Q&A with Ashley Hess
“A lot of us are writing our own music and then coming together and some people will chip in and write on each other’s songs if they’re not finished.“Ashley Hess is a singer/songwriter and a member of The King Will Come, a worship collective composed of writers, artists, composers and other creatives.
PEER: How did you come to know Jesus?
ASHLEY HESS: I grew up in a very spiritual and religious household, so I was always taught about Jesus, and that’s just something that I was just very familiar with from a young age. I’m really grateful for that foundation, but I don’t think it was until I was in my early 20s and I was out on my own figuring out life, that I really came to develop my own real and honest relationship with Jesus. I really started to believe in Him and believe Him for myself, rather than just because it was something that my family believed, and something that I had been taught my whole life. I really put the time and effort into figuring out that relationship for myself.
P: Tell me about yourself and the group, The King Will Come.
AH: I’m a singer-songwriter. I have always loved music, but I didn’t always grow up doing music. I grew up in California and after high school I moved to Utah thinking I had my whole life planned out, like going to college. Music was always something I loved, but it wasn’t something I thought I could pursue seriously and be successful at. I was a little wary about the lifestyle and how to support myself and honestly realistically, if that was a responsible decision to make. But it’s always something that I kept coming back to.
I really started to pursue it (music), like in my mid 20s. I moved to Nashville. I lived there for two years. I now live in New York, and I’ve been pursuing it for a while, but I have my own music.

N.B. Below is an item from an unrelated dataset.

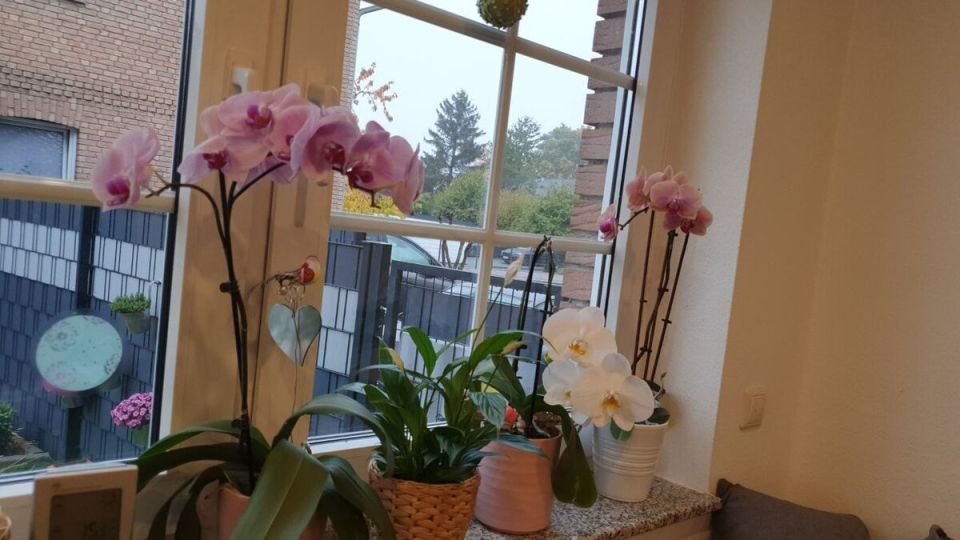 ������� ��������� ����� �� ������������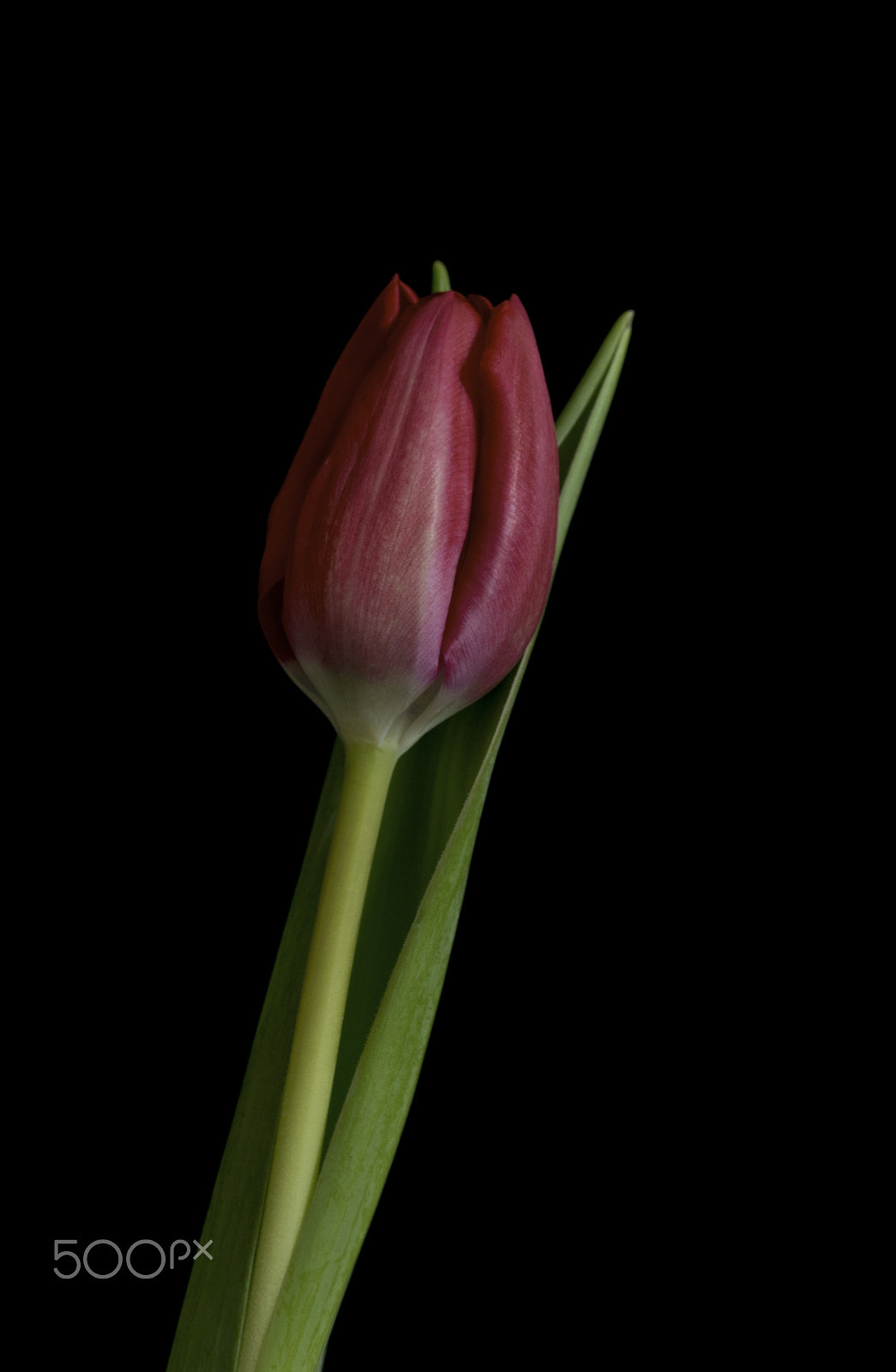Sigma 105mm F2.8 EX DG OS HSM sample photo. Red tulip photography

There’s always something more that I wanted in music. Music is something that helps me connect with God more than almost anything else. I had written this music about my relationship with God and my journey and building that relationship with God, and I had just been having conversations with a lot of my friends that were also artists that had done the same thing; they were releasing their own music that was considered secular, and not really in the Christian space, but we all had this music that we had written about our journey with God. Because that’s a part of who we are and as creatives, you write about everything that you’re feeling and going through and inspired by.
We just got together and started sharing this music that we had written, and at the time this was like a year into the pandemic and into the whole crazy COVID time period that just feels kind of like a blur. I was listening to this podcast I remember during the pandemic and somebody referred to COVID as a “divine timeout,” and I really loved that because I think that kind of put the whole world on pause and we all were in the same boat for a minute.

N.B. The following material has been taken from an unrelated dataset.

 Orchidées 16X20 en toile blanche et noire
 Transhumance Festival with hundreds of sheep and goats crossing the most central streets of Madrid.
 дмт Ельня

Live music stopped, performances stopped gathering. We all were so isolated, so I think it gave us all a chance to look in and for me, it gave me a chance to look in and look up and like really figure out like, “Whoa, like what am I doing with my life? What am I becoming? What’s important to me?” And it just kind of made me reset. I had had a lot of conversations with friends at that time, specifically who were leaving religion and were trying to find their way but still believed in God but didn’t really know what their place was, to believe in God without having it attached to a religion, or a community or an organization.
My friends and I got together and started sharing this music about our experiences and inspired by the experiences of other people we had been talking to. There were about like 30 of us in this room sharing music. It was such a beautiful experience and we just thought, “Wow, this has been so powerful for us. We want to share this.” And so, we decided to just put on an event and invite anyone and make it open to the public. We posted about it on our own Instagram accounts and social media a couple days before the event.

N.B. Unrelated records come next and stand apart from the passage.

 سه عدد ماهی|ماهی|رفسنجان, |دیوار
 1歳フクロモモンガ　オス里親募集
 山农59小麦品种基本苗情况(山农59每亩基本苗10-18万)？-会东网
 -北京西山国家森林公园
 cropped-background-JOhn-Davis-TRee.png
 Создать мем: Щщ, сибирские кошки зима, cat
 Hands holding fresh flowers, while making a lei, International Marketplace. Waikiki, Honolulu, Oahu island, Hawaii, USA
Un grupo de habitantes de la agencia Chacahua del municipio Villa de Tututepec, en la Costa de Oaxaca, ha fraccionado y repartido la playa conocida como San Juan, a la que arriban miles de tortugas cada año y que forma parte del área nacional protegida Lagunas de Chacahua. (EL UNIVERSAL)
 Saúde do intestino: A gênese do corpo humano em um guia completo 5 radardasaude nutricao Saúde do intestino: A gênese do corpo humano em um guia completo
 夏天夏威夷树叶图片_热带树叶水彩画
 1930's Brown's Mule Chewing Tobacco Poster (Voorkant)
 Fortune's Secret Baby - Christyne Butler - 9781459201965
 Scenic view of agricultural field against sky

We did it in the back of one of our friend’s yards; she has a clothing store and it (the event) was in the back of her warehouse. We called it Warehouse Worship because we’re like, you don’t have to believe a certain thing. You don’t have to have gone to church your whole life. You could have never gone to church. You could be believing in God your whole life or kind of figuring out where you’re at with that. We just want anyone to come that wants to connect with God, connect with the community and connect with themselves, and we basically did what we did in the in initial kind of meeting at our friend’s house just playing that music, and just played it for the people that came.
We ended up having over 150 people and we were like, “This is crazy. Clearly there’s a hunger for this.” Then we started doing that every month and it went from 150 to 300 to 400 to 500 to 700, and we were like, “Whoa, this is clearly there’s a need for this.” What started as Warehouse Worship that started accidentally—because it was something that we wanted—turned into what is now The King Will Come, which is a collective of believers that are just seeking a relationship with God. We come from all different backgrounds, from different faiths, different denominations, different places in the world, but it’s been really beautiful to have this community of people who are honestly just seeking relationship with God, so it’s been such a huge blessing in my life that was not on my radar at all. I’m really grateful that God had a bigger and a better plan.
P: What is the origin story of the group? How did it start?
AH: That’s when it started, but it’s evolved so much even since then in the short like two and a half years that it kind of initially began just from the pandemic.
We got together at our friend Henry’s house, and we were playing that music, and then we started what is now Warehouse Worship and putting on events, just singing this music that we’ve written. Since then, we’ve added a lot more people into the group and it’s expanded. Last September, we put on our first official retreat. We all came together, and it was the first time The King Will Come Collective was all together in the same space, and that’s kind of intimidating when you haven’t met these people, but you’re coming together to worship and create this music together, and you haven’t met.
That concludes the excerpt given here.